Two-dimensional echocardiography was performed using a high resolution imaging system with a 30-MHz imaging transducer (Vevo 770, VisualSonics) in unconscious mice. Before experiments, the mice were anesthetized with 1.5–2% isoflurane and thereafter maintained on 0.2–0.5% isoflurane throughout the experiment. Two-dimensional echocardiographic images were recorded in a digital format. Images were analyzed by a researcher blinded to the murine genotype. Left ventricular end diastolic dimension (LVIDd) and left ventricular end systolic dimension (LVIDs) were measured. The percentage of fractional shortening (FS) was calculated as follows: FS = ((LVIDd − LVIDs)/LVIDd) × 100.

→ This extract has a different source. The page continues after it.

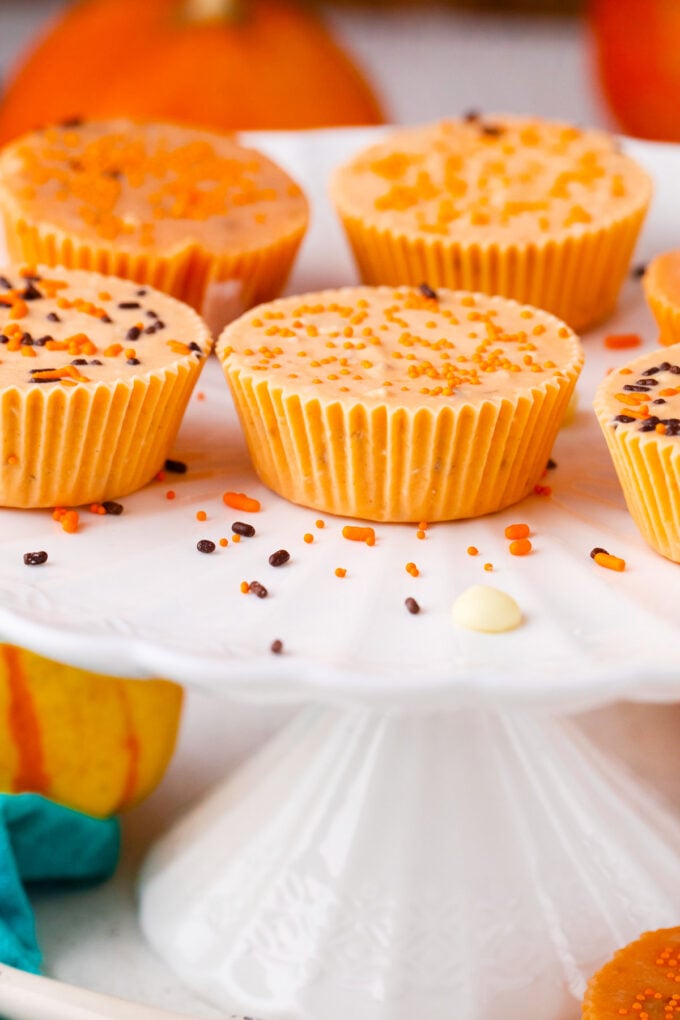 Orange pumpkin fudge on a cake stand.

PKCα Activation Western Blotting

Heart tissue (20–30 mg) was homogenized in lysis buffer containing 20 mm HEPES, pH 7.4, 1 mm CaCl₂, 1 mm MgCl₂, 5 mm Na₃VO₄, 10 mm NaF, and 1 mm DTT with a mixture of protease inhibitors, and then ¼ volume of 30% sucrose was added to the samples immediately following homogenization. The mixtures were centrifuged at 1,500 × g for 10 min at 4 °C, and then the supernatants were collected and centrifuged at 150,000 × g for 1 h at 4 °C. The membrane pellets were homogenized and resuspended in 300 μl of buffer containing 20 mm HEPES, pH 7.4, 0.25 m sucrose, 5 mm Na₃VO₄, 10 mm NaF, 1 mm DTT, and protease inhibitors. The cytosolic fraction was obtained by concentrating the supernatants by acetone precipitation. 100 μg of protein of each sample was resolved by SDS-PAGE and transferred onto PVDF membranes. Immunoblotting was carried out using the primary antibody PKC-α. Integrin β1 and β-actin antibodies were used as membrane and cytosol controls (Abcam).

Statistics

All data are presented as mean ± S.D. unless indicated otherwise. Comparisons between two groups were performed using unpaired two-tailed Student's t test; comparisons of more than two groups were performed with one-way analysis of variance with Tukey's multiple comparisons test. Survival rates were analyzed with log rank test. A p value of less than 0.05 was used to determine statistical significance.

RESULTS

Phenotype of Heart-specific DGAT1 Knock-out Mice

Hearts from 3-month-old hDgat1^−/− mice with cardiomyocyte-specific DGAT1 deletion had a marked reduction in DGAT1 mRNA (Fig. 1A). DGAT activity assays demonstrated that conversion of DAG to TG was reduced ∼⅓ by loss of DGAT1 in cardiomyocytes, but this was not associated with a decrease in heart TG (Fig. 1B). DGAT1-deficient hearts had ∼60% increased levels of total FFAs, 85% increased total DAG, and 95% increased total ceramide (Fig. 1C). There were no changes in the circulating concentration of FFA, TG, glucose, or total cholesterol (Table 2). Both the number and size of lipid droplets, which accumulate after an overnight fast, did not change in 3-month-old hDgat1^−/− mice (Fig. 1D).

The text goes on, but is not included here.